Dzień dobry, temat skłonił mnie do rejestracji na forum, bardzo ciekawy.
Proszę sobie wyobrazić sytuację że macie działkę, ogrodzona, z trzech stron takie same działki sąsiadów. Będąc na swojej działce widzicie co robi sąsiad za płotem, jak korzysta że że swojej działki i.... Nie podoba sie wam to, że np siedzi na krzesełku i patrzy w niebo. Nie jest na waszej działce. Jest na swojej. Teraz mamy działkę z linią brzegową, właściciel tej działki może na swojej działce robić to co każdy właściciel działki. Granicą dzialki jest linia brzegowa np z jeziorem, wodą publiczną. Właściciele takich działek zapominają o jednym, że nie są właścicielami jeziora, jedynie z nim graniczą. Mają specjalny przywilej graniczyć z jeziorem, ale też wg prawa nie mogą zabraniać dostępu do wody publicznej. Czy mogą zabraniać przebywania na brzegu? Korzystania z niego?
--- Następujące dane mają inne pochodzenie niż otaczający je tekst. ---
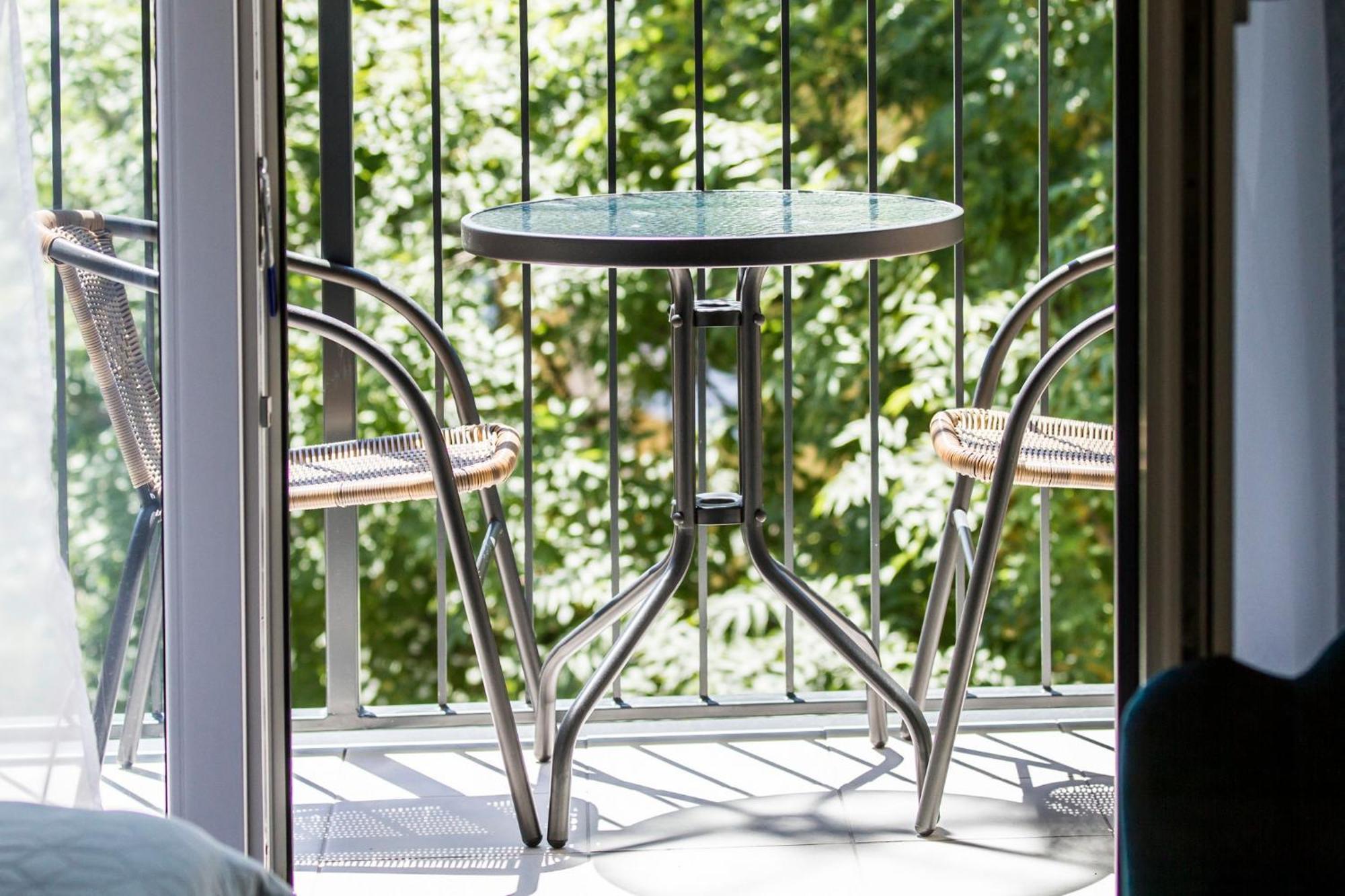 شقة Piedmont House كراكوفيا المظهر الخارجي الصورة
Proszę pomyśleć czy można zabronić sąsiadowi za płotem patrzenia w niebo, zza płotu. On nie znajduje się na mojej działce, znajduje się na terenie który z moją działką graniczy.
Prawo wodne.
Art. 233. [Obowiązek umożliwienia dostępu do wody]
1. Właściciel nieruchomości przyległej do publicznych śródlądowych wód powierzchniowych jest obowiązany umożliwić dostęp do wód na potrzeby wykonywania robót związanych z utrzymywaniem wód oraz dla ustawiania znaków żeglugowych lub hydrologiczno-meteorologicznych urządzeń pomiarowych.
2. Właściciel nieruchomości przyległej do wód objętych powszechnym korzystaniem jest obowiązany zapewnić dostęp do wód w sposób umożliwiający to korzystanie. Części nieruchomości umożliwiające dostęp do wód wyznacza wójt, burmistrz lub prezydent miasta, w drodze decyzji.
3. Właścicielowi nieruchomości, o którym mowa w ust. 1, przysługuje odszkodowanie odpowiednio od właściciela wód albo właściciela hydrologiczno-meteorologicznych urządzeń pomiarowych, a właścicielowi nieruchomości, o którym mowa w ust. 2 - z budżetu gminy, na warunkach określonych w art. 469.
Generalnie nasze przepisy są do bani, niejasne, niejednoznaczne. Ale tak na chłopski rozum, czy ja mogę powiedzieć sąsiadowi żeby nie robił czegoś za płotem?, poza moją nieruchomością? Pomyślcie, właściciele prywatnych linii brzegowych na wodach publicznych.